▶ PROBLEM
The answer is the exact run of lines in the listing below from the line containing "Men showing empty" up to and including the line containing "A modern outdoor", with pictures removed.

Content starts

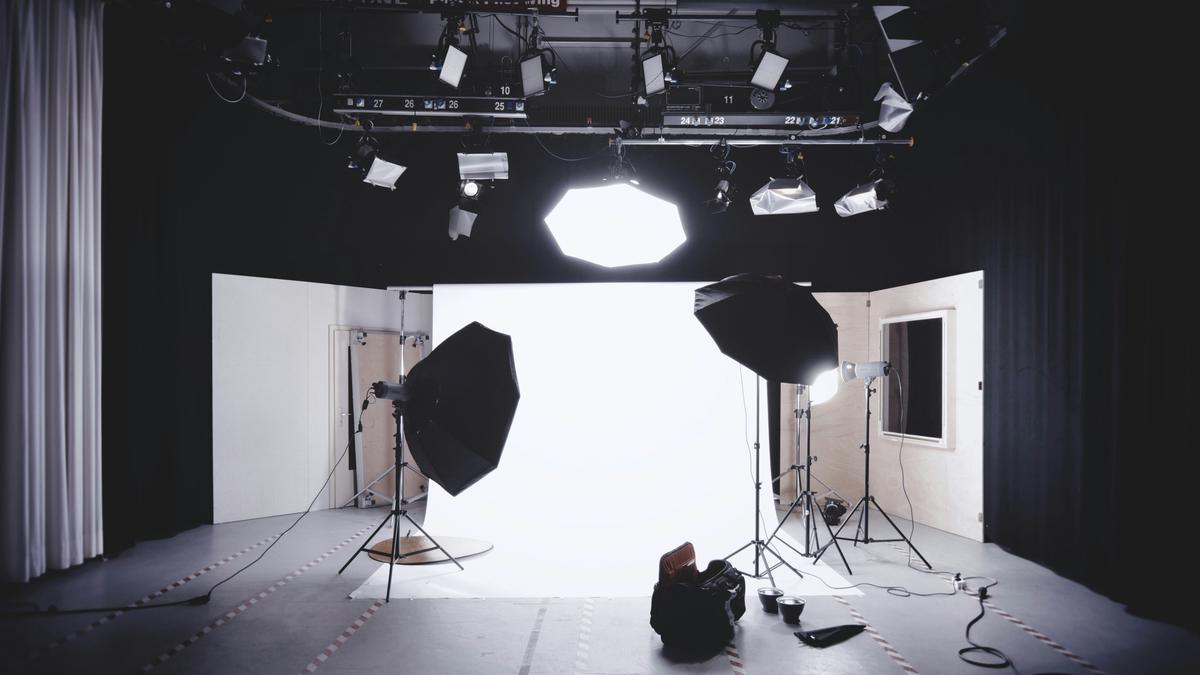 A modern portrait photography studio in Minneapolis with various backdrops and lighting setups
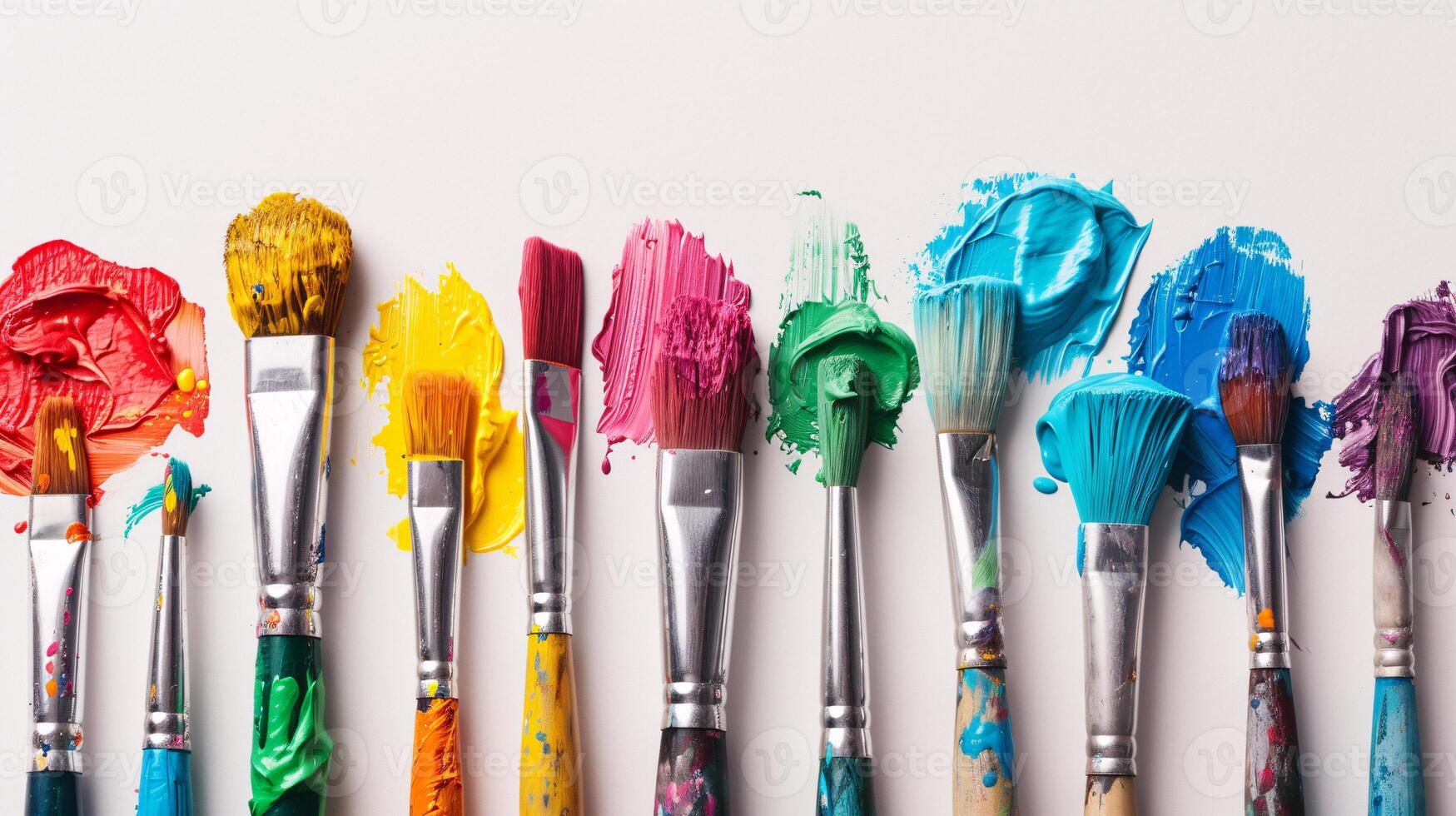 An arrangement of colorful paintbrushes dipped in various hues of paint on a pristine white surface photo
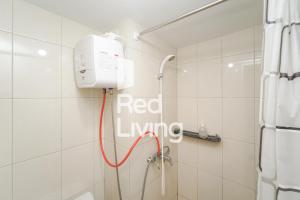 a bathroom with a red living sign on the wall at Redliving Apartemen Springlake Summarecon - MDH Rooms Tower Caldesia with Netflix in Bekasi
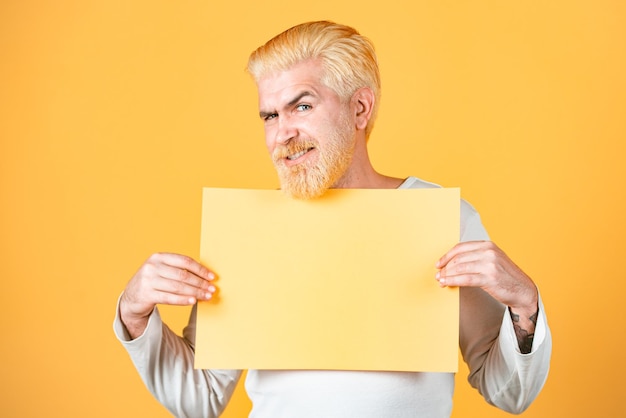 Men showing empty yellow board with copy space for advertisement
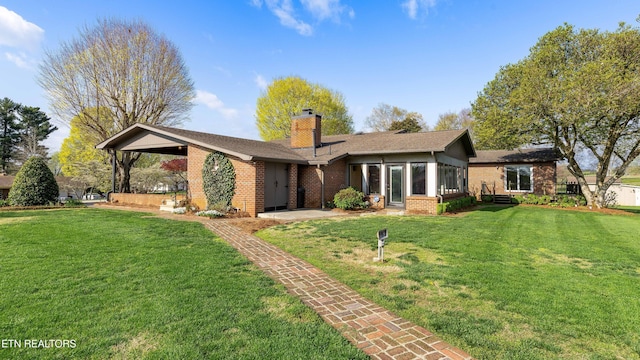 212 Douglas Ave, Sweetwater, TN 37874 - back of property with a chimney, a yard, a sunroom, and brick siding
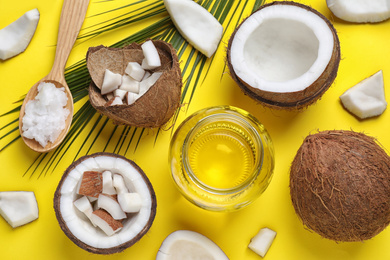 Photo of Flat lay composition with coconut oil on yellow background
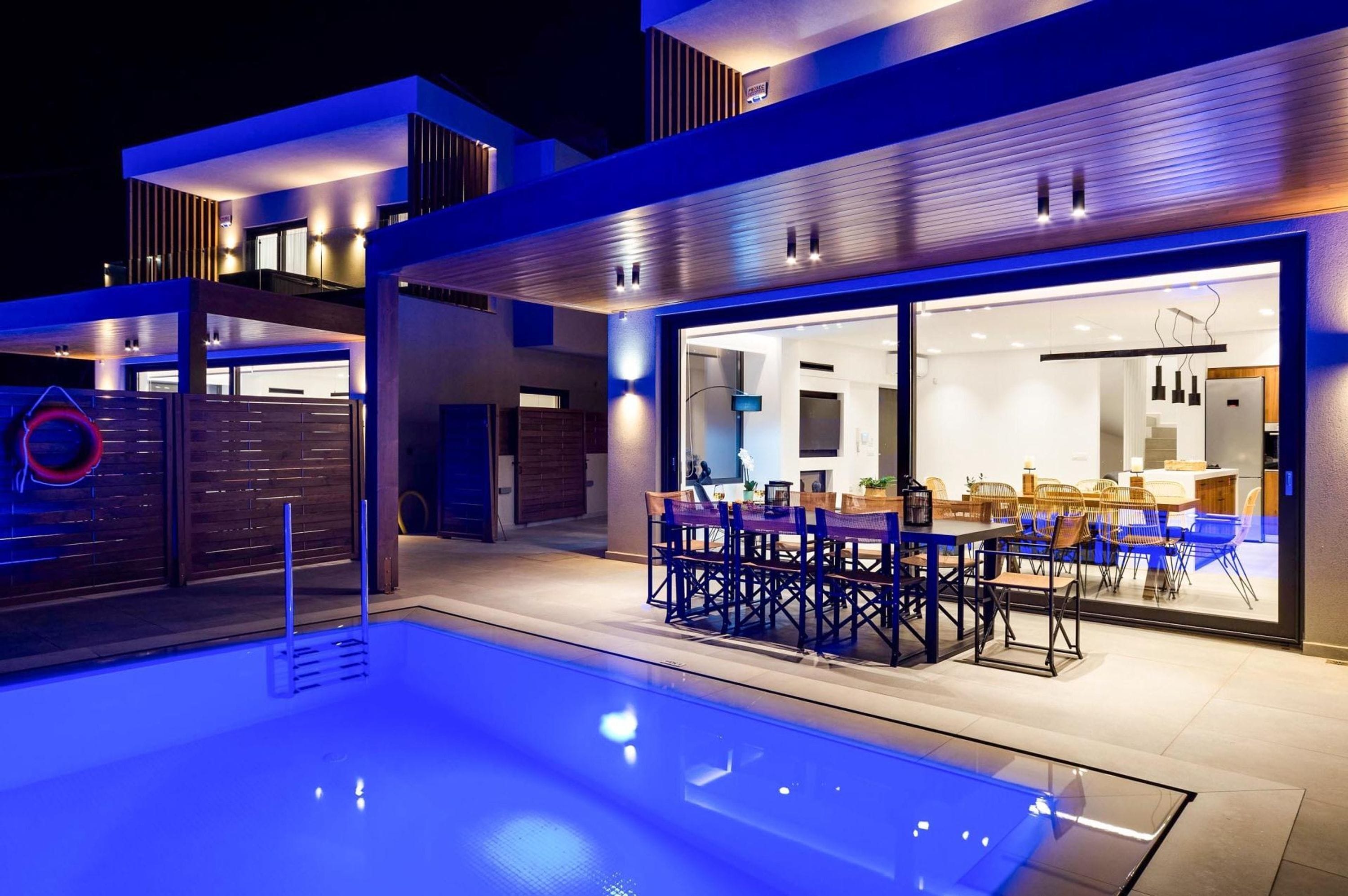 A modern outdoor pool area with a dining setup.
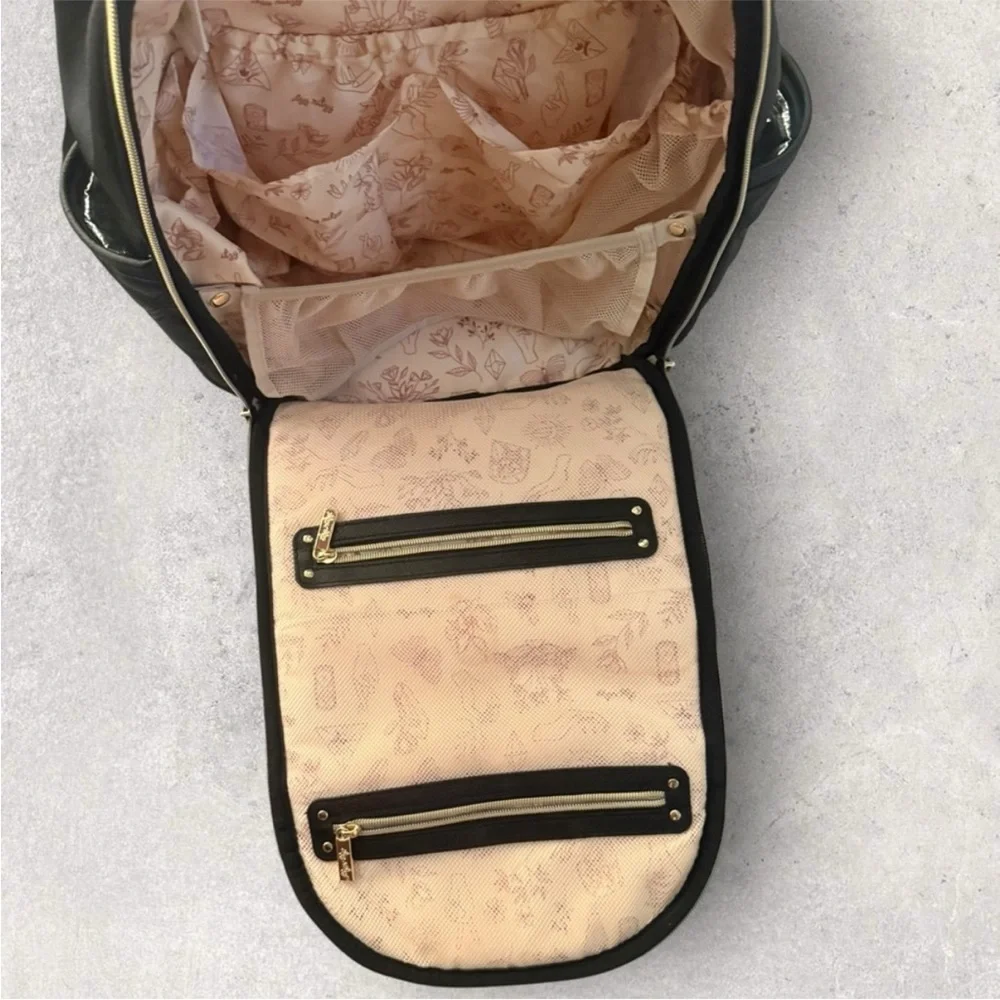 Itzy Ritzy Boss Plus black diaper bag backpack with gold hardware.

Content ends

▶ COMPLETED EXERCISE
 Men showing empty yellow board with copy space for advertisement
 212 Douglas Ave, Sweetwater, TN 37874 - back of property with a chimney, a yard, a sunroom, and brick siding
 Photo of Flat lay composition with coconut oil on yellow background
 A modern outdoor pool area with a dining setup.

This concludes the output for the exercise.